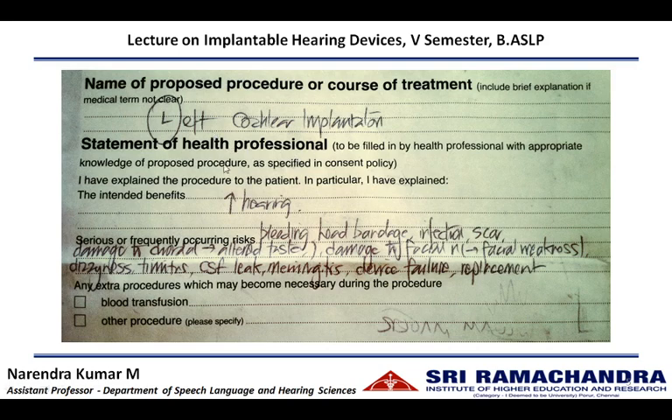The benefit is that it is going to improve the hearing after implantation. The risks involved in the surgery include: profuse bleeding during surgery; the patient might require wearing a head bandage for a few days after surgery until the surgical wounds are healed; there could be infection at or near the site of implantation; surgical wounds may create scarring; and during surgery, there could be damage to the chorda tympani nerve resulting in altered taste perception.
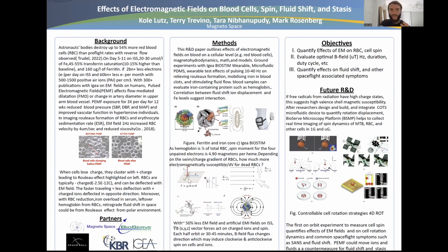Coming to the methods: this research paper and presentation outlines the effects of electromagnetic fields on blood at a cellular level, magnetohydrodynamics, math, and models. The ground experiments use the AJA Biostim wearable, highlighted on the right, which has over 300 publications and is a pulsed field device that creates an electromagnetic field around the area of interest.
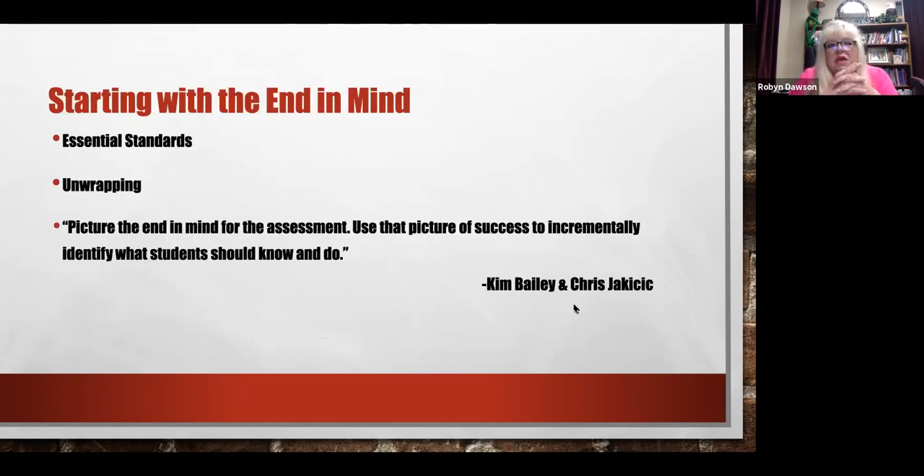When thinking about assessment, you want to start with the end in mind — a term we've heard for the last ten years. Your team must first identify their essential standards. Once those essential standards are identified, the standards must be unwrapped into targets. So you have the standard with the individual targets that come out of it. Picture the end in mind for the assessment and use that picture to incrementally identify what students should know and do, according to Kim Bailey and Chris Jackick.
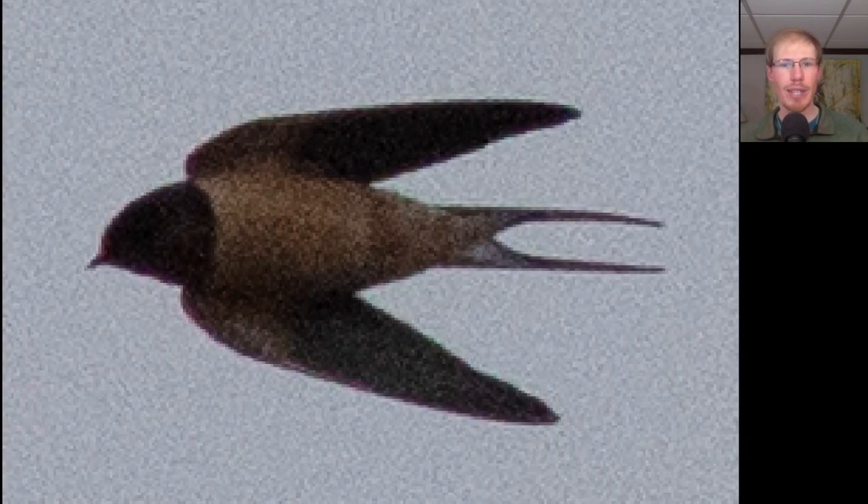Here we have a swallow in poor light. We see an overall dark head contrasting with a more yellowish or reddish body, and we also see a very long forked tail. Anytime we see a tail like this on a swallow, we know that it is a barn swallow — our other swallow species do not have a tail like this.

++++++++

# Requirement
Leave out the pictures and repeat exactly the lines from the start of the material through the line that contains "When thinking about", both included.

# Task solution
The benefit is that it is going to improve the hearing after implantation. The risks involved in the surgery include: profuse bleeding during surgery; the patient might require wearing a head bandage for a few days after surgery until the surgical wounds are healed; there could be infection at or near the site of implantation; surgical wounds may create scarring; and during surgery, there could be damage to the chorda tympani nerve resulting in altered taste perception.
Coming to the methods: this research paper and presentation outlines the effects of electromagnetic fields on blood at a cellular level, magnetohydrodynamics, math, and models. The ground experiments use the AJA Biostim wearable, highlighted on the right, which has over 300 publications and is a pulsed field device that creates an electromagnetic field around the area of interest.
When thinking about assessment, you want to start with the end in mind — a term we've heard for the last ten years. Your team must first identify their essential standards. Once those essential standards are identified, the standards must be unwrapped into targets. So you have the standard with the individual targets that come out of it. Picture the end in mind for the assessment and use that picture to incrementally identify what students should know and do, according to Kim Bailey and Chris Jackick.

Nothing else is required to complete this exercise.